I then spent a little while
fighting with “Hannah” in an attempt to prepare for today’s walk.
Eventually I got it to work (after a fashion). GSAK wasn’t having it,
but in the end it relented.
In the absence of dog treats I
got a pot of fish food (for Pogo’s ongoing training) and got ready for
the day.
We had an interesting five
minutes as we drove up the motorway. The contraflow (heading west) has a
maximum speed limit of fifty miles per hour. We were going at that speed limit
when some idiot came up behind flashing his lights and beeping his hooter
clearly desperate to get past. With lorries nose to tail in the slow lane we
couldn’t move immediately, but eventually we managed to let him pass. I then phoned
the police and told them all about the driver of RE15 AEJ.
And then exactly the same thing
happened again, but this time with a lorry. Can you believe it? Some
lorry-driving prat was tail-ending our car. I’ve told the police, and once the
Bank Holiday is over I shall be contacting the management of “Kelly International
Transport” of Aylesford Kent about their lorry GN18 VKZ.
We got to Swanley where we met
Karl, Tracey and Charlotte, and we went for a little walk. I say “little
walk”; the series of geocaches we had in mind today was rather a big one. With
eighty targets over (so we were told) thirteen miles we set off.
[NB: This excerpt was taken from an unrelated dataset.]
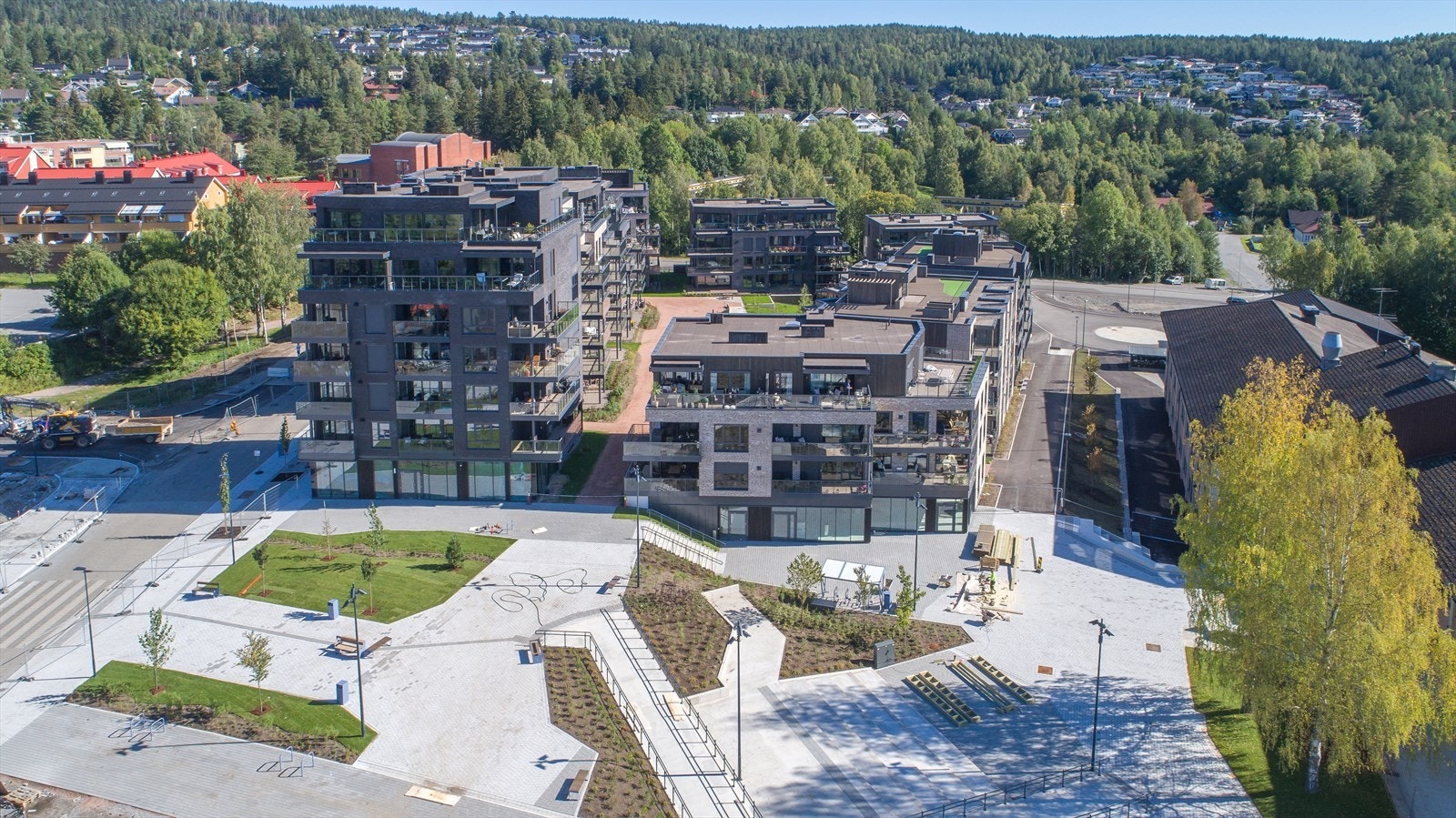 Boligen ligger svært attraktivt til i det som utvikles som den sentrale bydelen i den nye, vedtatte urbaniseringen av Konnerud. Galleribilde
Have you ever been to the area
around Swanley? It is an odd place. Our walk took us past beautiful posh
houses, and some rather scratty council estates too. We went through stunning
countryside, and through miles of fly-tipped woodlands. And it was amazing just
how fast you would go from one area to the next. We would be admiring the house
which would be worth millions of pounds, and then see the broken microwave
thrown in the hedgerow. We would be looking at the well-manicured garden lawns,
then see the pissed-on mattress laying on the wasteland.
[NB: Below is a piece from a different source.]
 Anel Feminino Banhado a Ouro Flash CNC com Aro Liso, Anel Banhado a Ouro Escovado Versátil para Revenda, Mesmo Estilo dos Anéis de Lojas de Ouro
I think the area might well be
summarised by the pub we found. The Bull in at St Paul’s Cray looked really
good from the outside. But getting a drink at the bar was tricky; the bar was completely
blocked by locals who were clearly proud of having got themselves seat at the bar
and weren’t moving for anyone. The beer garden seemed like an out-take from “TOWIE”,
and as we sat with our drinks we were harangued by passing vagrants who wanted
to know if we would like to buy DVDs, tobacco or cigarettes from the rather
dubious carrier bags they were lugging round.
As we walked I kept a close eye
on Pogo. I can hardly be impartial with that silly dog, but he managed to not
bark at horses and some of the other dogs. But when he did bark at dogs it was
at dogs that he’d seen before I did. Was he raising the alarm by doing that? He
seems quite content and doesn’t bark when I tell him that something is going
on.
Perhaps I need to be more
vigilant?
Geocache-wise… The route was
well-marked by the caches. And I know well just how much time and effort had
been put into creating this route. But I
did wonder about some of the hides. Some of them were in odd places. Certainly
the toffs on the golf course weren’t happy with us leaving the footpath to hunt
for the caches; and searching under the security camera was uncomfortable. And
some of the challenge caches?… in order to qualify to be able to claim some of
the caches you had to fulfil certain criteria. How many people have hunted for
Tupperware in twenty EU countries? And only allowing people with over fifteen thousand
finds to log one - there’s less than a hundred and fifty people in the entire
country who qualify for that. Personally I wouldn’t set challenges like that…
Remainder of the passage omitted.